Work to complete: Return the lines of the data below starting at the one holding "Genuine Man Only Eau Bois (100ML)" and ending at the one holding "Chevy 16219021 Gauge Cluster", word for word, leaving every picture out.

Record excerpts:
※

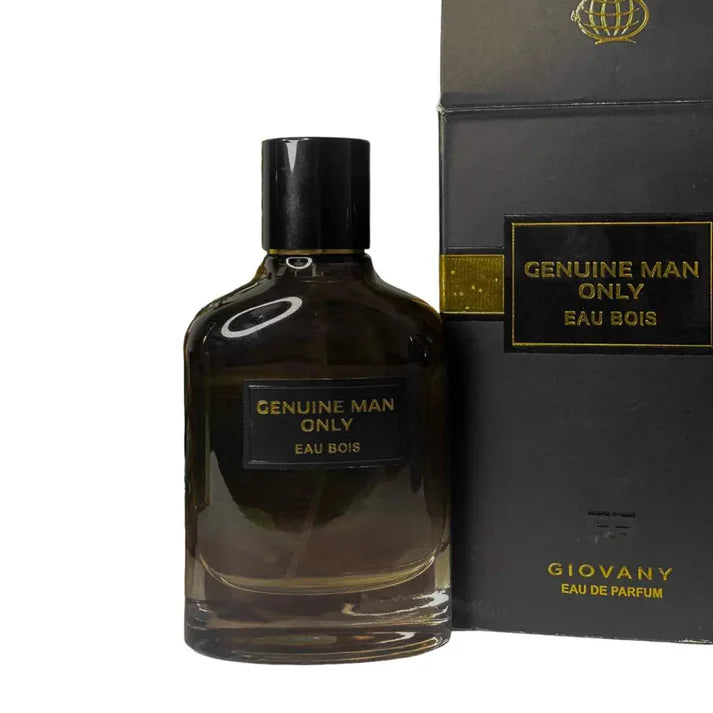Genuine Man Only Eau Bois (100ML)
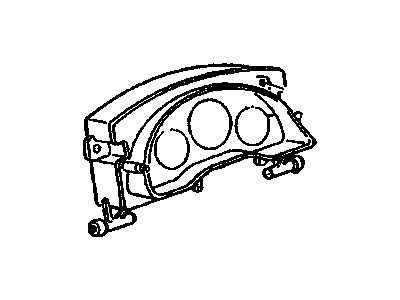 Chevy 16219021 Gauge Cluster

※

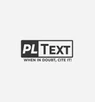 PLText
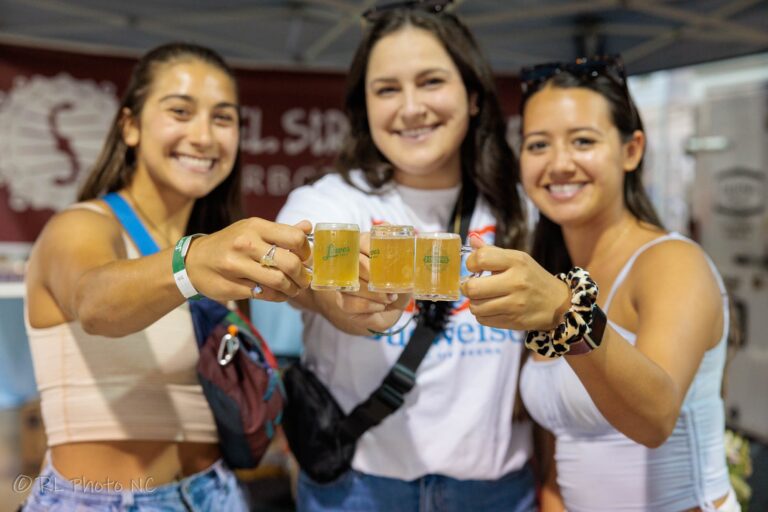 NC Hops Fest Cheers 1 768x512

※

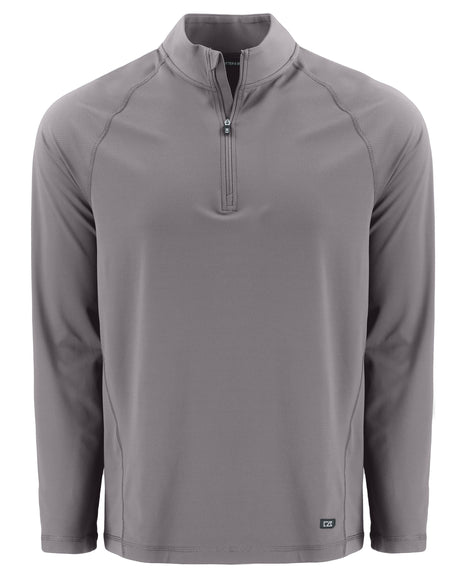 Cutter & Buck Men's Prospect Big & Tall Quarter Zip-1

※

Result of this exercise:
Genuine Man Only Eau Bois (100ML)
 Chevy 16219021 Gauge Cluster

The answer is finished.